Here are 5 coding practices I’ve come to know and love over the last few years that I thank myself for every day.
1. Standard code formatting
Most codebases are ready more than written. A codebase with consistent formatting is a lot easier to read vs code with varying styles from numerous contributors on a team. Standardized formatting brings about being able to easily scan through code and pick out the bits you need without bashing your head against your desk. Prettier + ESLint + a popular linting config can do all the heavy lifting for you. Do you have a team member who absolutely refuses to use semicolons in their JavaScript? That’s fine! Just have them use Prettier ESLint with a predetermined config, this will return errors if they don’t follow the code guidelines. When we implemented this exact setup in our codebase, we ended a lot of discussions/heated debate during code reviews and QA.
2. Don’t code DRY if it doesn’t make sense
The DRY (Don’t Repeat Yourself) principle is almost a mantra (and sometimes a great interview question) among developers. But, if it’s applied without knowing why, then it will lead to some abstract code that is simply too hard to read and understand.
For me and my team, we stick to a “2-copy maximum” rule. This means any function/code can be copied two times in a codebase. If it needs to be copied any more than twice, then we refactor so that the code is completely reusable within the rest of the application without having to copy+paste code constantly. This keeps us from assuming two problems should be solved the same way, at first glance.
3. Debug code via logging
You should practice debugging code in your local environment via logs instead of a debugger. For us, we use Sentry.io for our logger/debugger in production. Because of this, we’re charged “per event”, which means logging and events are very precious.
Since we treat logging and events as such, we do debugging on our local machines first to ensure that logs are added in the right place. This, in turn, makes it so that if an exception is handled via Sentry, it is super easy to track down since we don’t have a crazy clutter of logging.
Remember, too much logging === not logging at all
4. Don’t add complication early on
Don’t complicate your codebase with features that no user or stakeholder has asked for. This is a problem you need to especially avoid in early product lifecycles. I struggled with this when I first joined my new team. I tried to come out the gate swinging and going above and beyond expectations. Do you know what this did? It added more questions, more tickets, and even more work on my team’s plate.
This is an anti-pattern. Adding unnecessary features makes your codebase harder to read and debug. When you onboard new developers, they will find it difficult to differentiate between important features and ones that were added at 4am and were backed by a caffeine overdose.
5. Setup a CI/CD pipeline early in your project’s lifecycle
I can’t say this enough. Even if you’re on your own with a project, a CI/CD pipeline will reduce the overhead of remembering (and doing) the build and deployment of your codebase.

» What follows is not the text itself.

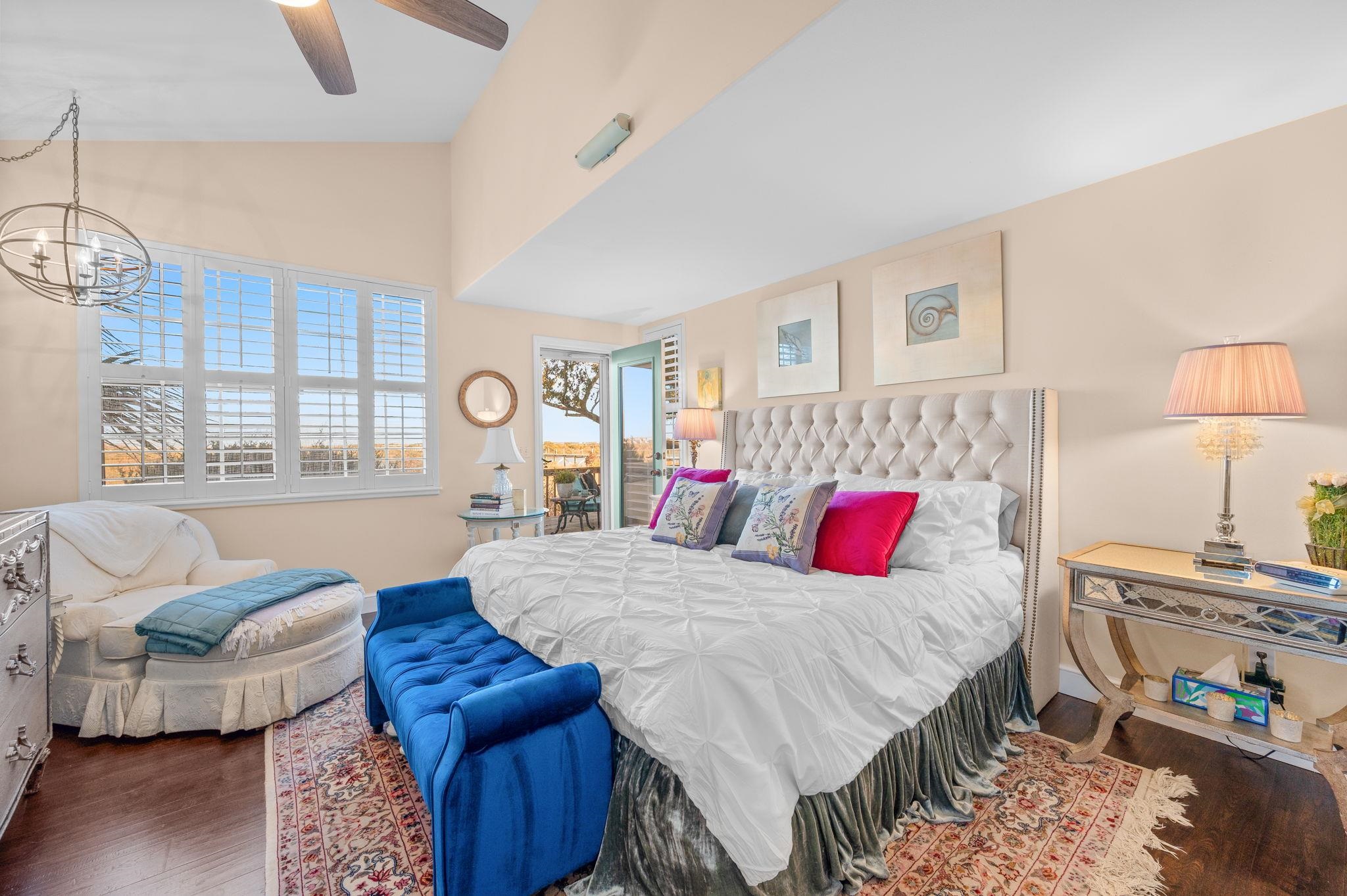 Image 34 of 81 For 3 Radio Rd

A common misconception is that CI/CD pipelines are important only for teams that push/deploy a lot of code to production every day. From my experience, even if you’re pushing to production once a week, it can save hours. Recently, I introduced a CI/CD pipeline for our main project (deployment used to take several hours as a lot of it was copy+pasting code or uploading code to servers and replacing old files via diffing). After introducing CI/CD, we can run a full production deployment in under 5 minutes and can rollback in seconds if there’s an error.
P.S. Having a CI/CD pipeline usually results in having an exact deployment history, linking it to a specific commit. This has helped us during postmortems to find the root cause for an incident.